● **Task to complete**
All of the data must be written out verbatim, with pictures excluded.

● **Data below**
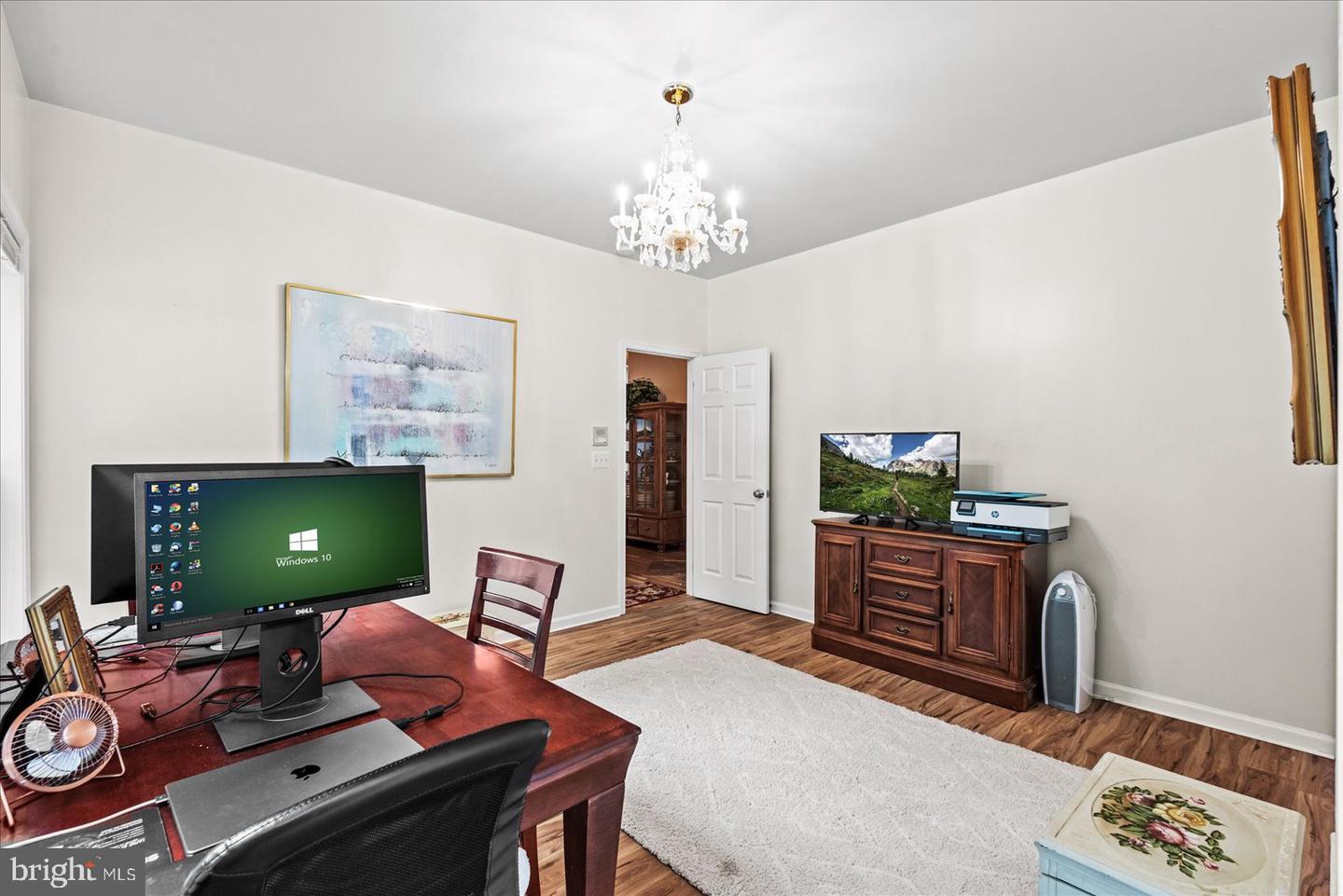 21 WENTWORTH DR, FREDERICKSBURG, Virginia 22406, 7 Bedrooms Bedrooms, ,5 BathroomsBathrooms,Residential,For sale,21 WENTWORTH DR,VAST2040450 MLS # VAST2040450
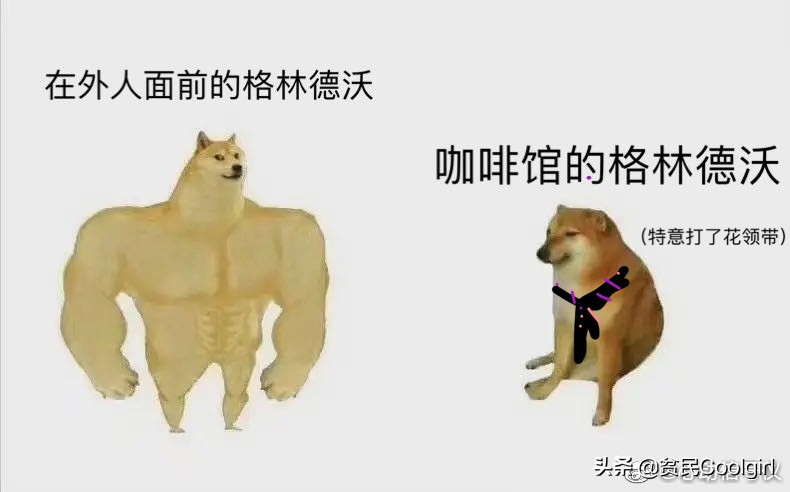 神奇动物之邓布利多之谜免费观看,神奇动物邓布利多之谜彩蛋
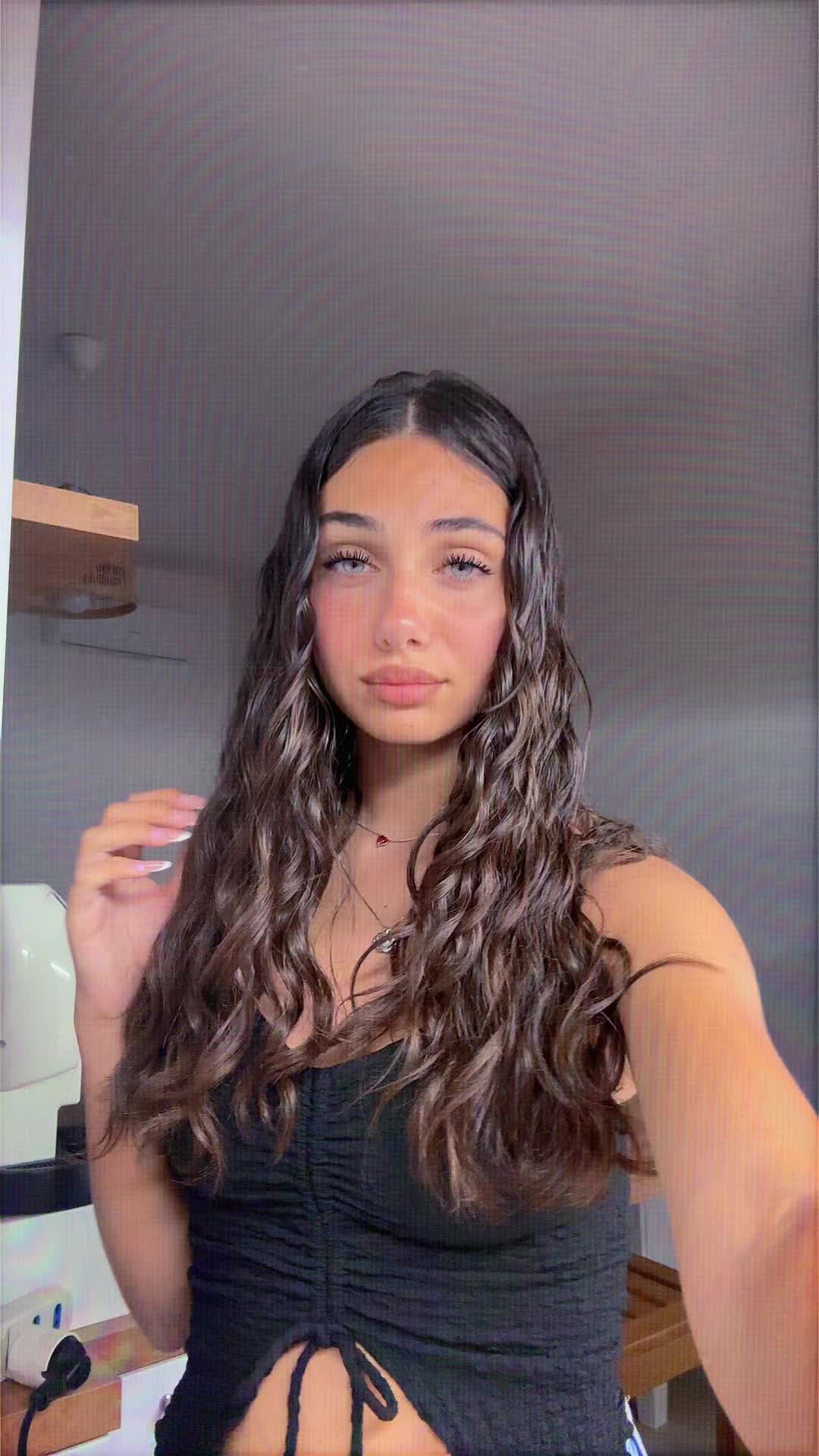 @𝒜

● **Output for this exercise**
 21 WENTWORTH DR, FREDERICKSBURG, Virginia 22406, 7 Bedrooms Bedrooms, ,5 BathroomsBathrooms,Residential,For sale,21 WENTWORTH DR,VAST2040450 MLS # VAST2040450
 神奇动物之邓布利多之谜免费观看,神奇动物邓布利多之谜彩蛋
 @𝒜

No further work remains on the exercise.